At the ends of the lower line in the diagram, there are links to NM_020061.3 and NP_064445.1, the entries for the mRNA and protein sequences for this gene. You visited these pages in the two sections above. Click CCDS 14742.1 at the far right of the diagram to go to the Consensus Coding Sequence page for this gene. It shows nicely how the OPN1LW gene transcript is divided into exons. Under Chromosomal Locations for CCDS 14742.1 is a table listing start and end base-pair positions for each exon. Below that is the full nucleotide sequence of the mature mRNA, with alternating blue and black sections indicating exon boundaries. Farther below is the amino-acid sequence, again divided into exons by alternating blue and black, with red indicating amino-acid residues whose codons are partly in one exon and partly in the following exon. This makes it dramatically clear how the mRNA is pieced together from the exons.
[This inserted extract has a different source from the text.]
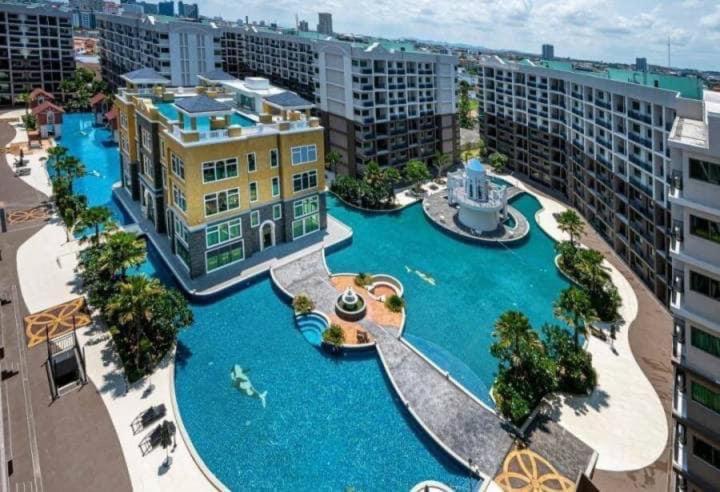 Aparthotel Arcadia Continental Pattaya Extérieur photo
You still have not seen any of the actual sequences of the introns. Return to the Entrez Gene page for OPN1LW. Under Genomic regions, transcripts, and products, click Go to reference sequence details. This takes you down the page to NCBI Reference Sequences. You were here before, to retrieve the mRNA and protein sequences. This time, click the sequence of four entry numbers (all one link) beside Source Sequence(s). This takes you to the Entrez Nucleotide page that contains information about all four of the genome fragments from the Human Genome Project that contain all of part of the red opsin gene, along with information about how each clone was produced. This entry thus shows the gene in the larger context of the cloned fragments in which the gene was found. These sequences allow you to explore flanking regions around the gene, which might be useful in designing PCR primers for making useful quantities of this region. From this page, you could also find neighboring sequences if you wanted to look farther afield. As before, you can display this entry in FASTA format. You will get a series of entries, each a different clone that was used to construct this region of the genome.